I know you likely did not watch the 93rd Annual Academy Awards show. And with viewership plunging by more than 58% from last year, it’s clear that many of you would rather watch paint dry.
But there was an award-winning moment that the media won’t talk much about. As he accepted the Jean Hersholt Humanitarian Award, director Tyler Perry — best known for his “Madea” films — delivered a message that was righteous and truly unifying. His was a message of love as he commanded his audience to reject hate in all of its forms:
I refuse to hate someone because they’re Mexican or because they are black or white or LGBTQ. I refuse to hate someone because they’re a police officer or because they’re Asian. I would hope we would refuse hit hate. And I want to take this humanitarian award and dedicate it to anyone who wants to stand in the middle. Because that’s where healing, where conversation, where change happens. It happens in the middle. Anyone who wants to meet me in the middle to refuse hate and blanket judgment, this one is for you, too.
I believe Perry’s message was intended to deescalate the hate in the wake of what is perceived as police brutality as well as the ruling in the Derek Chauvin case.

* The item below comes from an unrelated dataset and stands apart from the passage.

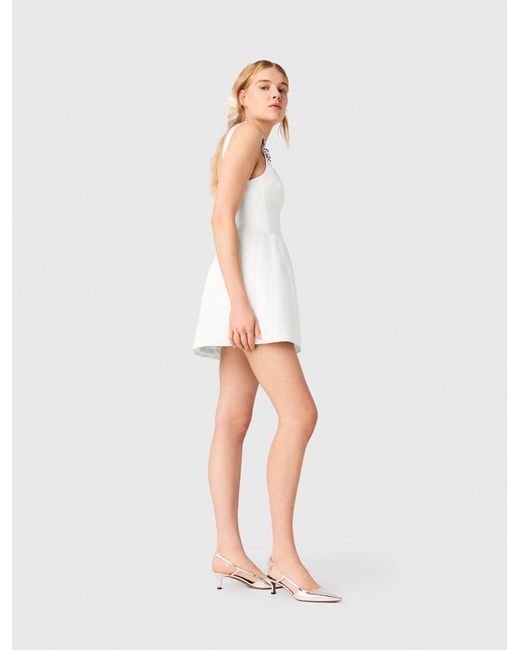 Maje White Short Satin Dress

His message was one that would receive the nod of the late Dr. Martin Luther King Jr. himself.
But Perry’s message to reject hate did not receive much love from the black community — specifically progressives and those from the far Left who desperately need an enemy to fight.
That target is the police officer.
As Perry delivered his speech, the audience roared with approval up until the words “police officer” were uttered. The applause abruptly ended, the silence signaling disappointment in Perry’s advocacy of love for all people, including the men and women in blue.

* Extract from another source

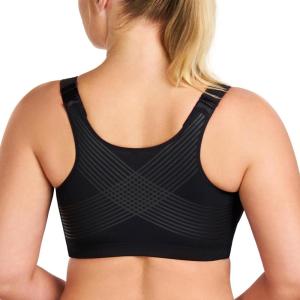 imageHSIA Womens Posture Minimizer Bra  Front Closure Bra for Women No Underwire Back Support Plus Size Full Coverage BraBlack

But how is what Perry stated any different from what the great MLK commanded in this passage from one of his famous sermons?
Now there is a final reason I think that Jesus says, “Love your enemies.” It is this: that love has within it a redemptive power. And there is a power there that eventually transforms individuals. Just keep being friendly to that person. Just keep loving them, and they can’t stand it too long. Oh, they react in many ways in the beginning. They react with guilt feelings, and sometimes they’ll hate you a little more at that transition period, but just keep loving them. And by the power of your love they will break down under the load. That’s love, you see. It is redemptive, and this is why Jesus says love. There’s something about love that builds up and is creative. There is something about hate that tears down and is destructive. So love your enemies.

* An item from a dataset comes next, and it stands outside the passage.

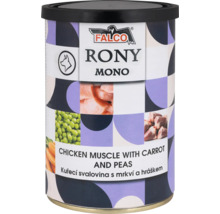 Konzerva pre psov Falco Rony Mono, kuracia svalovina s mrkvou a hráškom. Falco Logo.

MLK called to continue loving the people we consider to be our enemies. He speaks of the redemptive qualities of forgiveness. He reinforces how compassion transforms us for the better. Tyler Perry wanted nothing but the same. If Perry is wrong for loving all people, then is MLK — whom the progressive Left idolizes — wrong, too?
What love cannot be is hypocritical. Something as universal as true love for humanity cannot be withheld depending on a political narrative or something as superficial as skin color or socioeconomic status. We don’t get to decide who deserves love and compassion. And heaven forbid the mainstream media have a say in who we should love. If MLK is right — which he is — then Tyler Perry’s message is without flaw.
The issue I fear most with hateful, hypocritical narratives is this: Right now the enemy is law enforcement. But if all it takes is for the media to decide who we should hate, then what happens if the hated someday turns out to be one of us? The target can move, and it could be me or you next. Tyler Perry is right to invoke, as Jesus did, the power of love for all — a commandment I believe protects our society from descending into the chaos of never-ending blame. While many awards were given that day, Tyler Perry delivered a winning message that, if applied by the majority of Americans, could start the path toward healing.